| Solarbird ( @ 2008-03-11 00:39:00 |
| Current mood: | |
| Entry tags: | atypical events of scale, economics, zomg |
Something I haven't been talking about but it's bubbled to the surface
Okay, so, there are these things called "black swan events." They're unpredictable (or at least, essentially unpredicted) disruptions of major scale. Near-turm peak oil with a substantial decline rate - over 2% - would probably qualify as one, despite some predictions of it, since that continues to be unplanned for and has a 20-year recovery timeframe. It causes massive systemic disruption along the way.

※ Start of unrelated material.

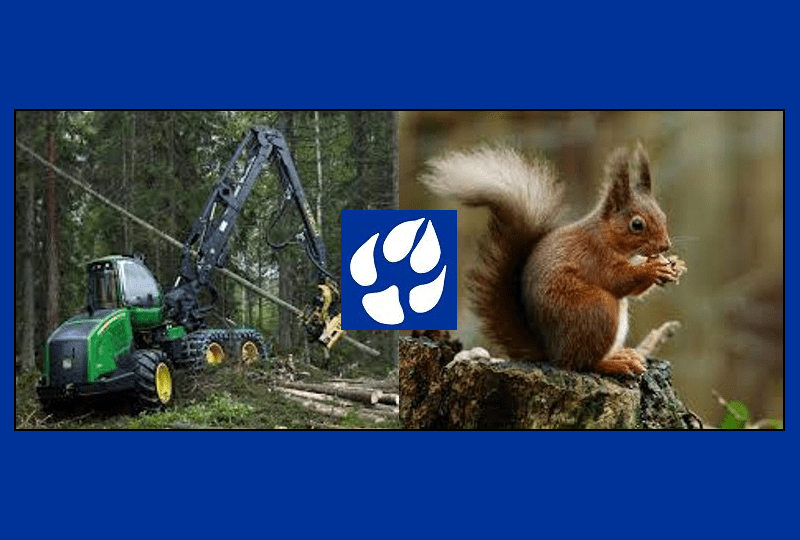 Forest management and red squirrel conservation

There is a huge - I mean massive - derivatives market out there in financials. I don't understand it. At all. As far as I can tell, nobody really does. I've been trying to get some vague hint of a grip on its scale since I first really started hearing about it in 2006. I've heard numbers like $150 trillion notational dollars (and up!) and haven't known what to do with that kind of number. Because what do you do with that kind of number, when your GDP is $15 trillion? Seriously - what?
It's my favourite, by which I mean most terrifying, candidate for a black swan economic event. And I still don't have a good grip on it. Either all this shit cancels itself out once things start to fall down - in that there's a big set of swaps that add up in the end to zero, or close to it - and it ends up not mattering, or the game is over. Completely, totally, fucking over, and it's time to unplug the machine, swap the power supply, and hope you can salvage the processor. It's one of those two things. I have been, and continue to be, betting on the former, despite what comes next here.
Marketwatch's Paul Ferrell reports that the actual number is more like $516 trillion notational, with an actual fall-out value of somewhere around $11 trillion. That's, again, against a GDP of $15 trillion. And as Financeguy on the Market Ticker Forums points out tonight, that market, like most of the other ones, is in trouble.
Now, you can't really plan for this. You can't really plan for a hard reboot of the entire financial system. I can't tell you what to do because I don't know. It's the kind of situation where since you cannot, definitionally, plan for the bad case, you plan for the one you can plan for, even if it's less likely, or unlikely. And in that case, it all falls in on itself and reduces to a much smaller number that, while nasty, can be handled as part of the rest of the credit implosion.
That's how you end up hoping the economy only takes a $1 trillion dollar hit over the next couple of years, instead of, well... who knows?
And that's why I haven't been talking about it. Because I'm hoping it just goes away.